Brief descriptive captions
#####
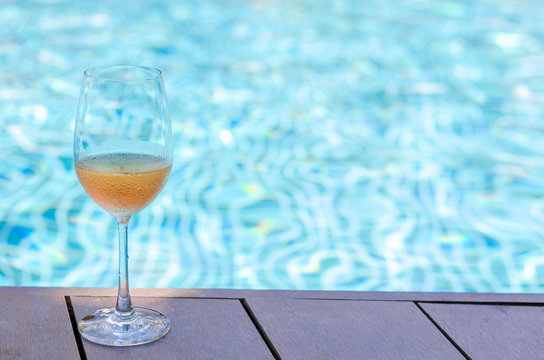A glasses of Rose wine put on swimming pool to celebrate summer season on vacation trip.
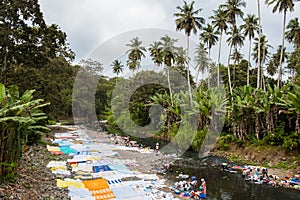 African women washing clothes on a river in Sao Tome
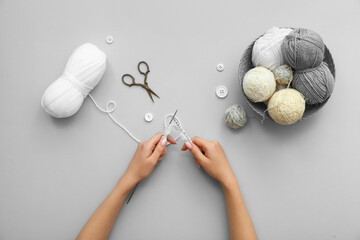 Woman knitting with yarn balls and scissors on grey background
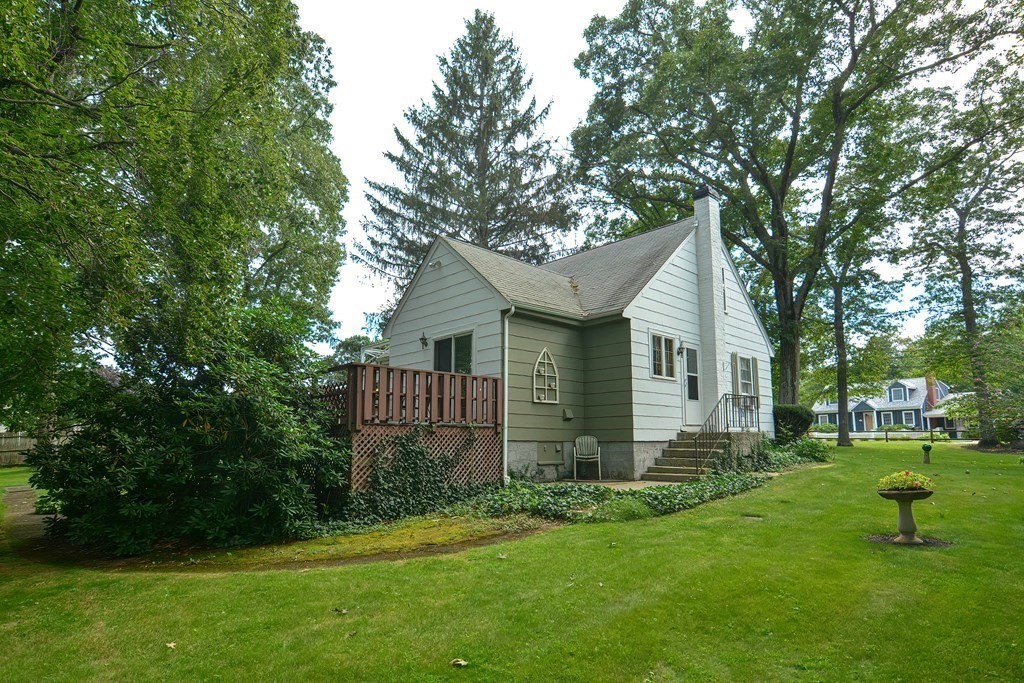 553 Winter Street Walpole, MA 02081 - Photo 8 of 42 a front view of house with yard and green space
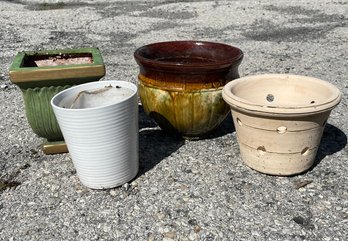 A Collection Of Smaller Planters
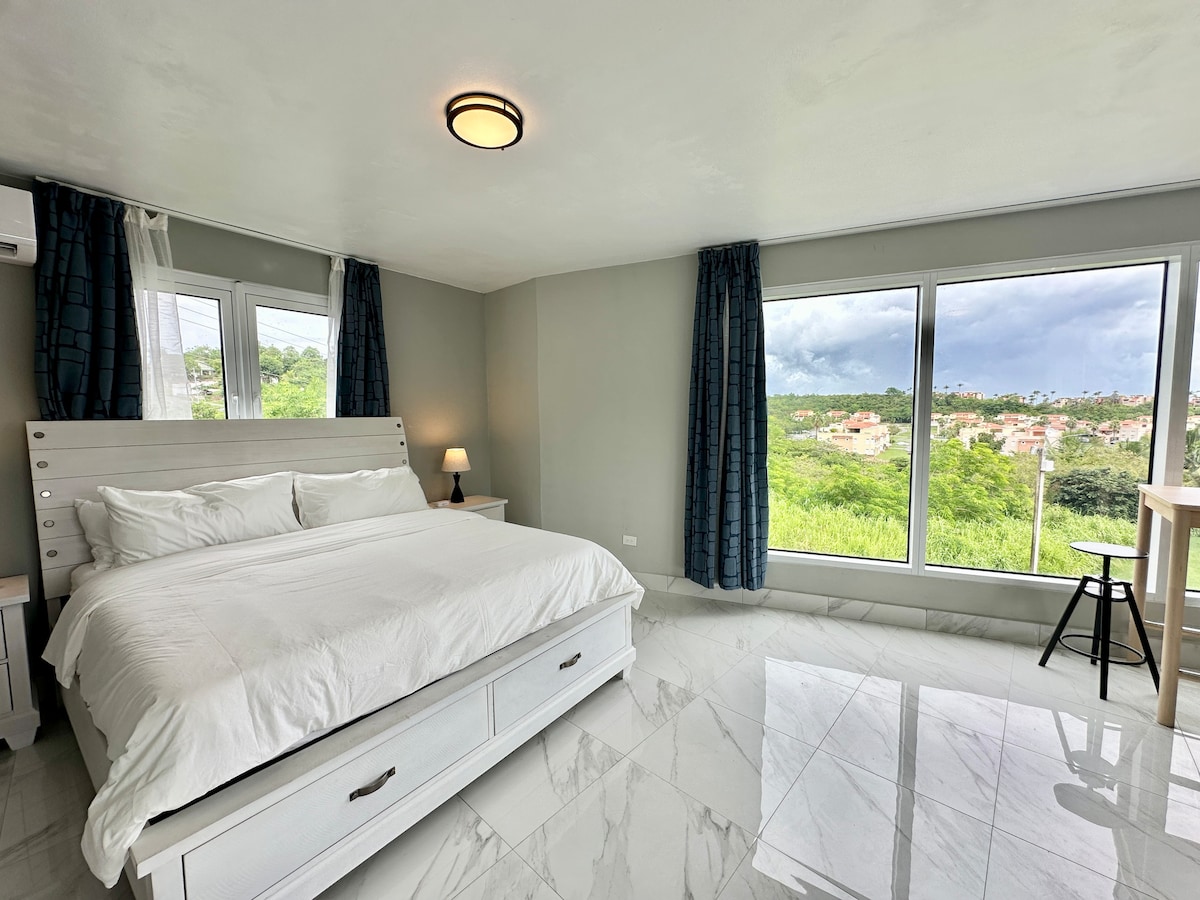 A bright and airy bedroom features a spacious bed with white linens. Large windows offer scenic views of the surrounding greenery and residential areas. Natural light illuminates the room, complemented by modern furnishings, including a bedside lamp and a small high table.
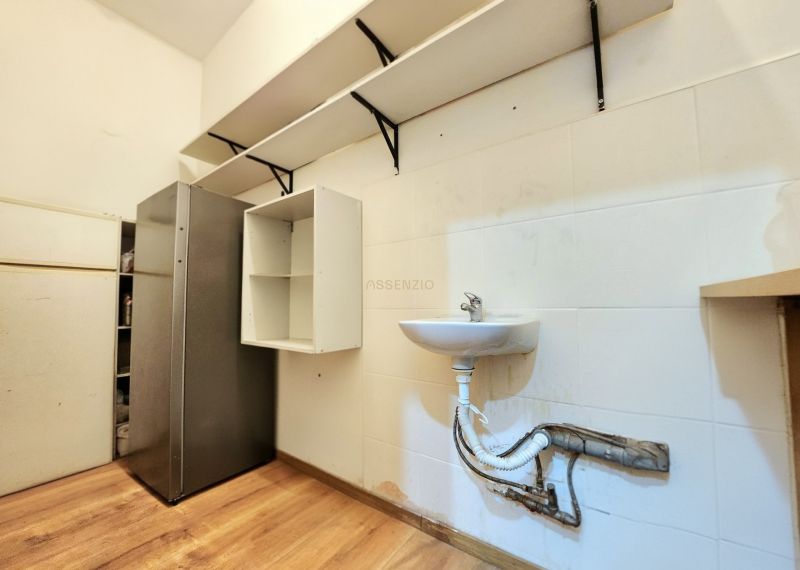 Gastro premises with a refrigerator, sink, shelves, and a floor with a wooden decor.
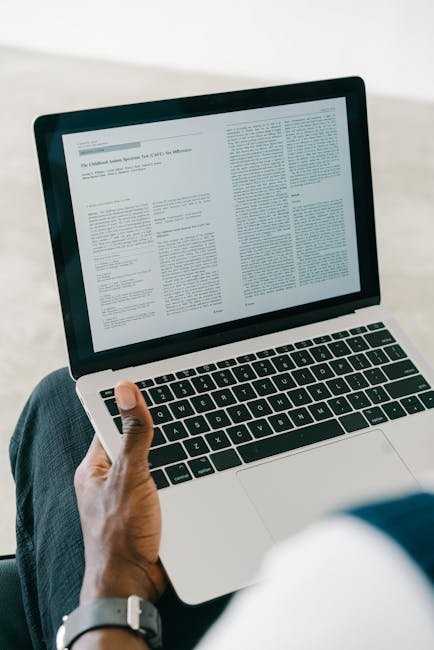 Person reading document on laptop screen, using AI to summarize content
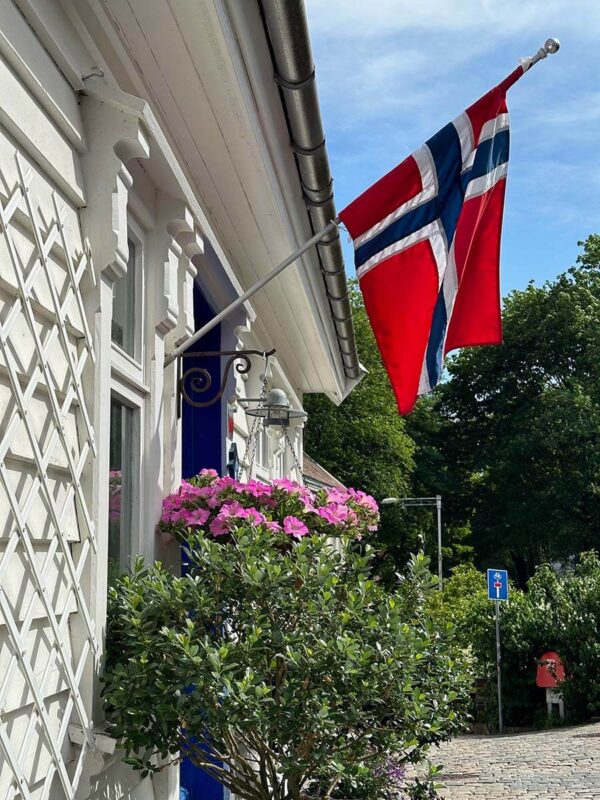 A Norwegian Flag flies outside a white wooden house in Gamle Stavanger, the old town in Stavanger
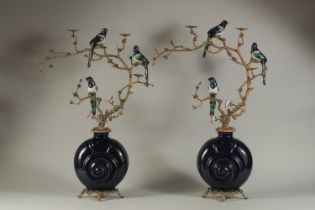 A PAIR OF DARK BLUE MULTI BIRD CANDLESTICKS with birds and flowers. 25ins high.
#####
What is expected
Omit the images and transcribe all of the records above word for word.

Task response
A glasses of Rose wine put on swimming pool to celebrate summer season on vacation trip.
 African women washing clothes on a river in Sao Tome
 Woman knitting with yarn balls and scissors on grey background
 553 Winter Street Walpole, MA 02081 - Photo 8 of 42 a front view of house with yard and green space
 A Collection Of Smaller Planters
 A bright and airy bedroom features a spacious bed with white linens. Large windows offer scenic views of the surrounding greenery and residential areas. Natural light illuminates the room, complemented by modern furnishings, including a bedside lamp and a small high table.
 Gastro premises with a refrigerator, sink, shelves, and a floor with a wooden decor.
 Person reading document on laptop screen, using AI to summarize content
 A Norwegian Flag flies outside a white wooden house in Gamle Stavanger, the old town in Stavanger
 A PAIR OF DARK BLUE MULTI BIRD CANDLESTICKS with birds and flowers. 25ins high.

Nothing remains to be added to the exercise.